Short text fragments from websites

"""

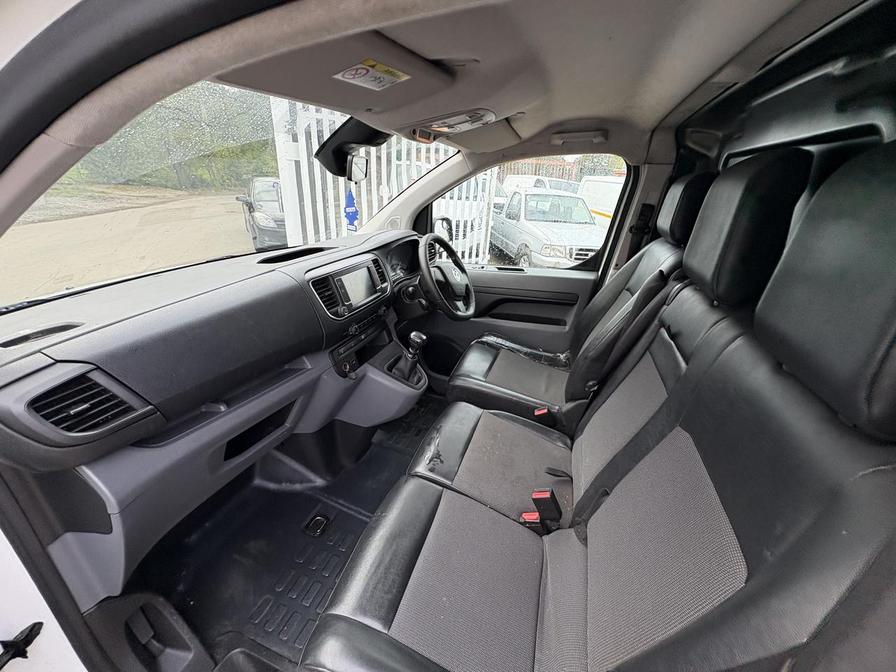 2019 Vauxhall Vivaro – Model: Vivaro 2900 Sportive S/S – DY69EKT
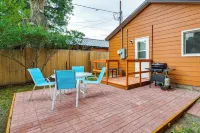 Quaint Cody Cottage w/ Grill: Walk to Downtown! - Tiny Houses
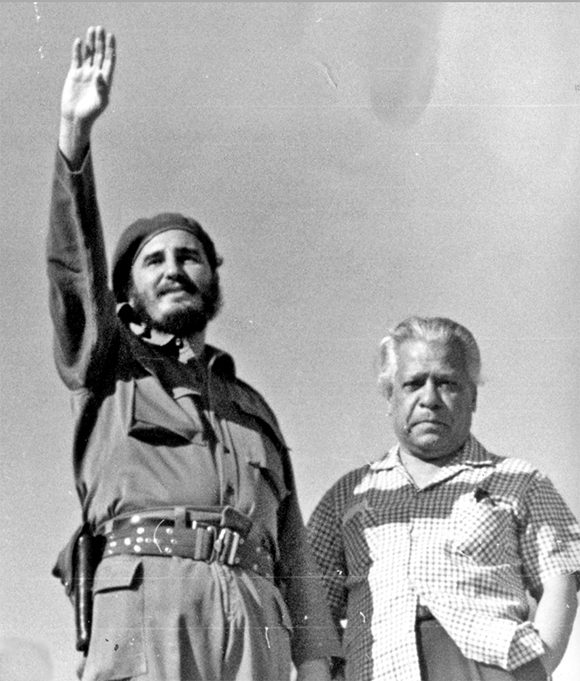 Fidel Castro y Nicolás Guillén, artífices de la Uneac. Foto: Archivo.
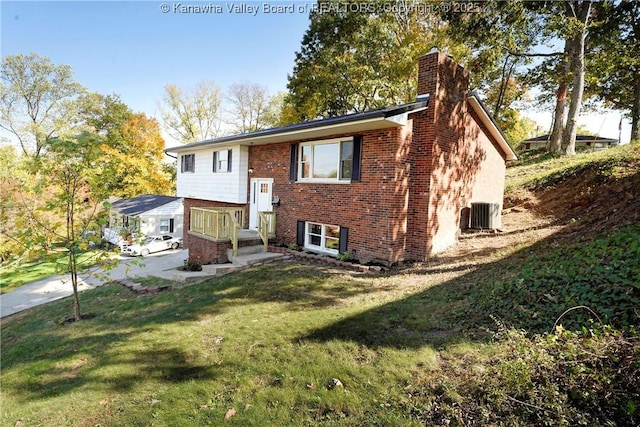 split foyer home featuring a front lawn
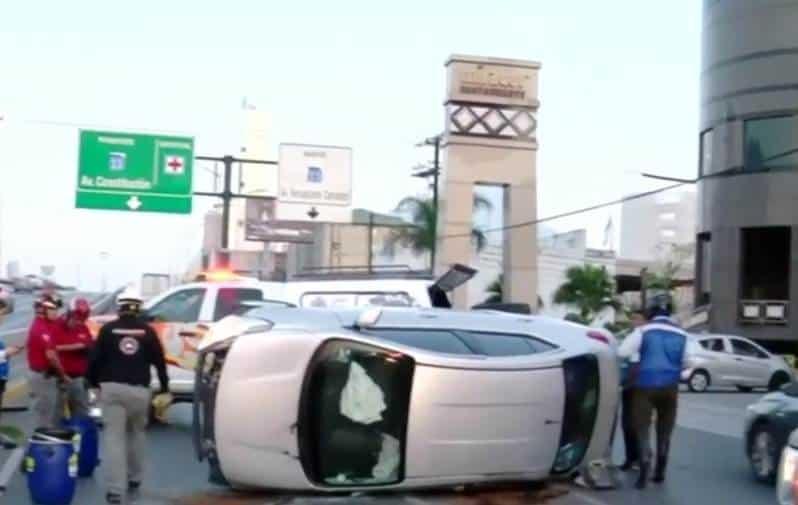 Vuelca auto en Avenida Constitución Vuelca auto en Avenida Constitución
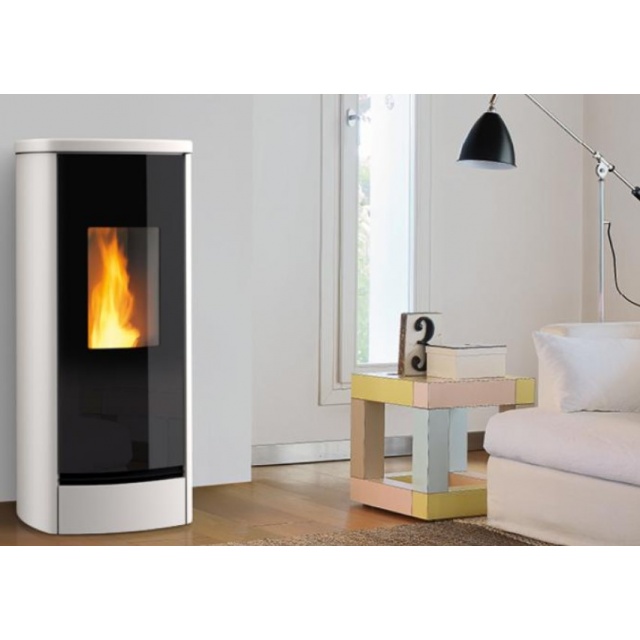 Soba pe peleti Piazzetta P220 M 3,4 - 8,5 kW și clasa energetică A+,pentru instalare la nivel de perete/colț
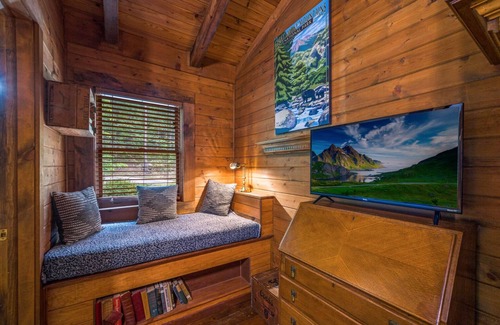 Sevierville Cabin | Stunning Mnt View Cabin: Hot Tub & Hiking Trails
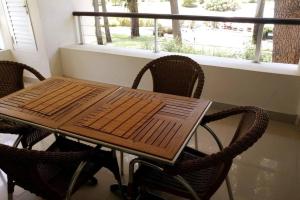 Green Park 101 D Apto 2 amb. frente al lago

"""

HOW TO COMPLETE THIS TASK:
Beginning at the line that contains "split foyer home featuring a front lawn", transcribe it and every later line through the last line of the data above, exactly, and drop the pictures.

ANSWER:
 split foyer home featuring a front lawn
 Vuelca auto en Avenida Constitución Vuelca auto en Avenida Constitución
 Soba pe peleti Piazzetta P220 M 3,4 - 8,5 kW și clasa energetică A+,pentru instalare la nivel de perete/colț
 Sevierville Cabin | Stunning Mnt View Cabin: Hot Tub & Hiking Trails
 Green Park 101 D Apto 2 amb. frente al lago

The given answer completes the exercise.